You can think of this as comparing a single number against each element of a small array and counting how many elements are not greater than that number.
The constraints are extremely small. The number of rides is at most 6, and heights are bounded within a narrow range. This immediately tells us that even the most direct approach, checking each ride individually, is trivially fast. Any algorithm that even loops over all rides a constant number of times will be efficient enough.
There are no tricky hidden cases related to ordering, duplicates, or large inputs. The only meaningful edge case is when Carlitos is shorter than all rides, in which case the answer is 0, or when he is tall enough for all rides, in which case the answer is N.
A common mistake in similar problems would be misinterpreting the condition direction, for example counting rides where the requirement is strictly greater than height instead of less than or equal. Another potential issue would be forgetting equality, since rides with requirement exactly equal to Carlitos’ height are allowed.
Approaches
The most direct way to solve the problem is to inspect each ride one by one and check whether Carlitos meets the height requirement. For each ride, we compare its required height with Carlitos’ height and increment a counter if the condition is satisfied.
This works because each ride is independent of the others. There is no interaction between rides, no ordering constraint, and no optimization structure to exploit. The brute-force approach is already optimal because the input size is constant.
If we imagine a more general version where N could be large, say up to 100,000, the same idea would still work in O(N), which is linear scanning. Sorting or binary search would be unnecessary because we are not querying multiple times or needing prefix structure, just counting simple comparisons.
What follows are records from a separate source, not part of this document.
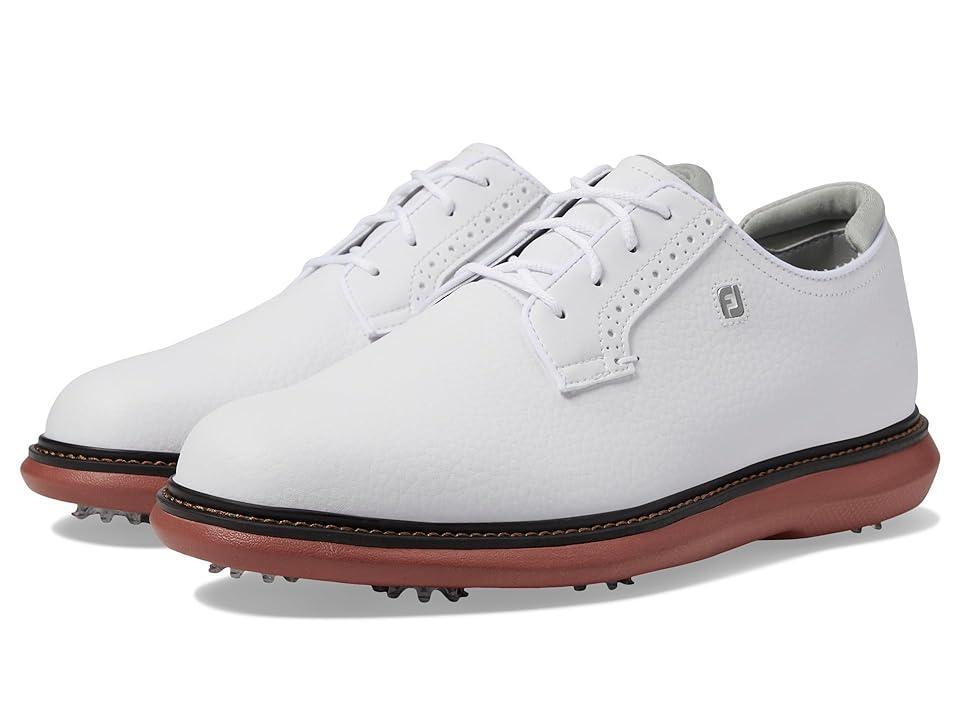 FootJoy Traditions Blucher Golf Shoes Brick) Men's Shoes Product Image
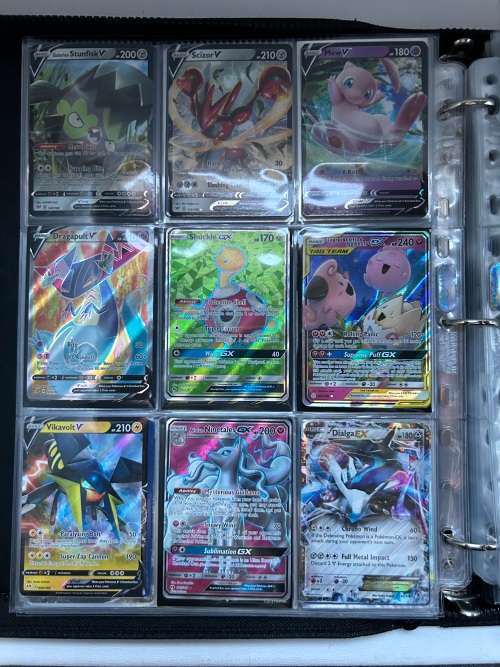 Pokémon Rare card collection including leather album! GX, EX, holographic and reverse holographic ca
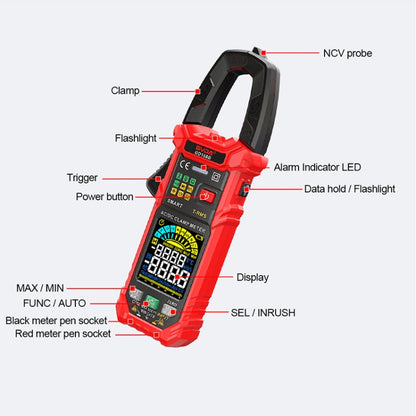 GVDA GD168B Digital Clamp Multimeter Supports DC - Digital Multimeter by GVDA | Online Shopping UK | buy2fix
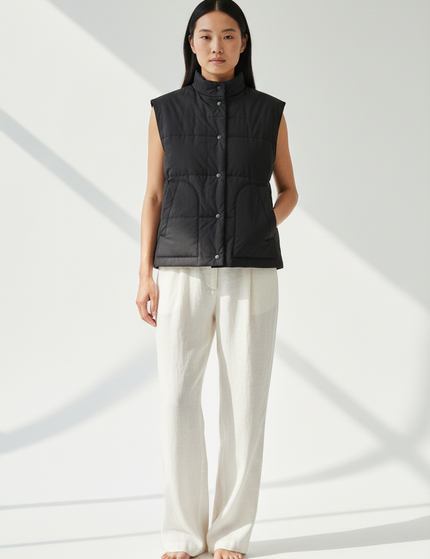 The Quilted Vest — Front Full-Body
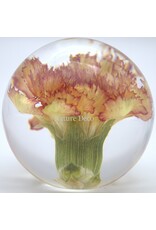 . Carnation orange in resin "sphere"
The brute-force works because it directly encodes the definition of the problem, but in larger constraints it would only be considered naive if repeated many times. Here it is already the final solution.
| Approach | Time Complexity | Space Complexity | Verdict |
|---|---|---|---|
| Brute Force (scan all rides) | O(N) | O(1) | Accepted |
| Optimal (same scan) | O(N) | O(1) | Accepted |
In this problem, both rows describe the same algorithm because no further optimization is possible or necessary.
Algorithm Walkthrough
- Read the number of rides N and Carlitos’ height H. These define the size of the list and the threshold for validity.
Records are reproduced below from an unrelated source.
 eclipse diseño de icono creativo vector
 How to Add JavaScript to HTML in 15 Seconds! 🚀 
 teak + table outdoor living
- Read the list of ride height requirements A. Each value represents the minimum height needed to enter that ride.
- Initialize a counter to zero. This will accumulate the number of valid rides.
- Iterate over each requirement in A.
- For each requirement, check whether it is less than or equal to H. This condition determines whether Carlitos can safely enter the ride.
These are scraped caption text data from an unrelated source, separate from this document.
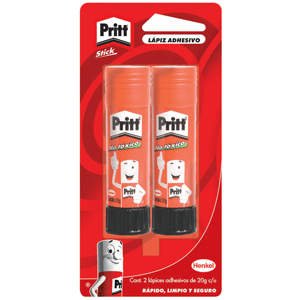 LAPIZ ADHESIVO PRITT (22 GRAMOS, 2 UNIDADES)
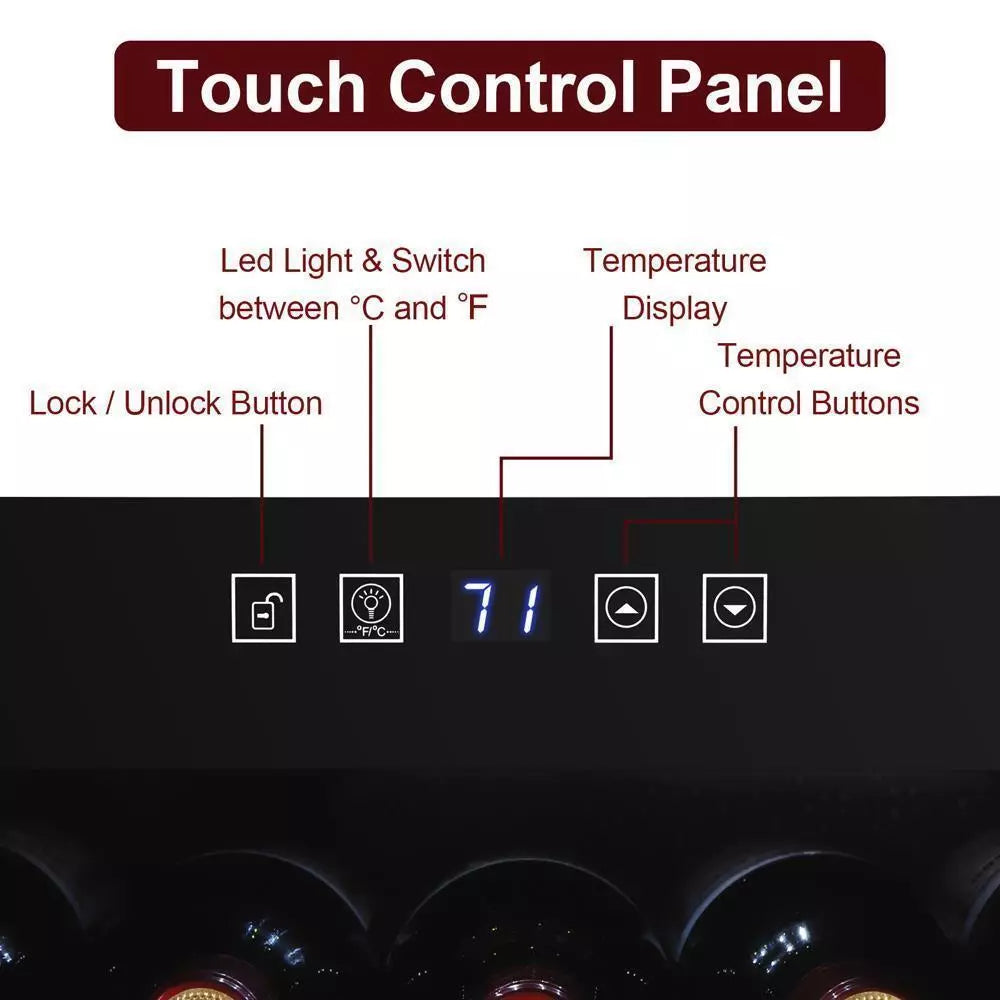 16 Bottles Wine Cooler Refrigerator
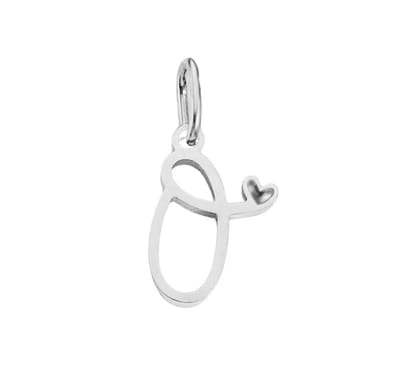 Ketting en hanger - letter - O - zilver kleur - charm- stainless steel - verkleurt niet - hypo allergeen - perfect cadeau - liefde - hartje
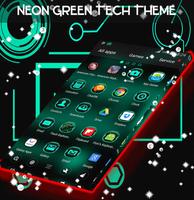 Neon Green Tech Theme Affiche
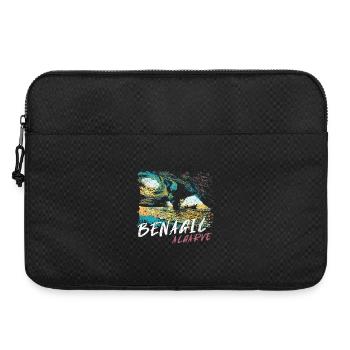 Benagil Cave Algarve colorful illustration - Laptop bag 15" - black - Front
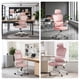 thumbnail image 4 of Silla De Escritorio Ergonómica Rosado Be Design Pro-Soporte Lumbar, Malla,100Kg, 4 of 8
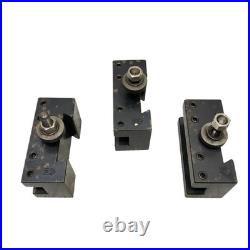 Aloris DA Quick Change Tool Post with Boring Bar Holder & 4 Tool Holders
- If the condition holds, increment the counter.
- After processing all rides, output the final counter.
The key idea is that each comparison independently decides eligibility, so we do not need to store or transform the array in any way.
Why it works
Each ride contributes either 1 or 0 to the final answer depending solely on whether its requirement is within Carlitos’ limit. Since these decisions are independent and mutually exclusive per ride, summing these indicators over all rides produces the correct total count. The algorithm effectively computes the number of elements in the array that satisfy a simple predicate, which is exactly the definition of the required result.
Python Solution
import sys
input = sys.stdin.readline
def main():
n, h = map(int, input().split())
a = list(map(int, input().split()))
count = 0
for x in a:
if x <= h:
count += 1
print(count)
if __name__ == "__main__":
main()
The solution begins by reading input in the most direct format. The list of ride requirements is stored as an array because we only need to iterate once.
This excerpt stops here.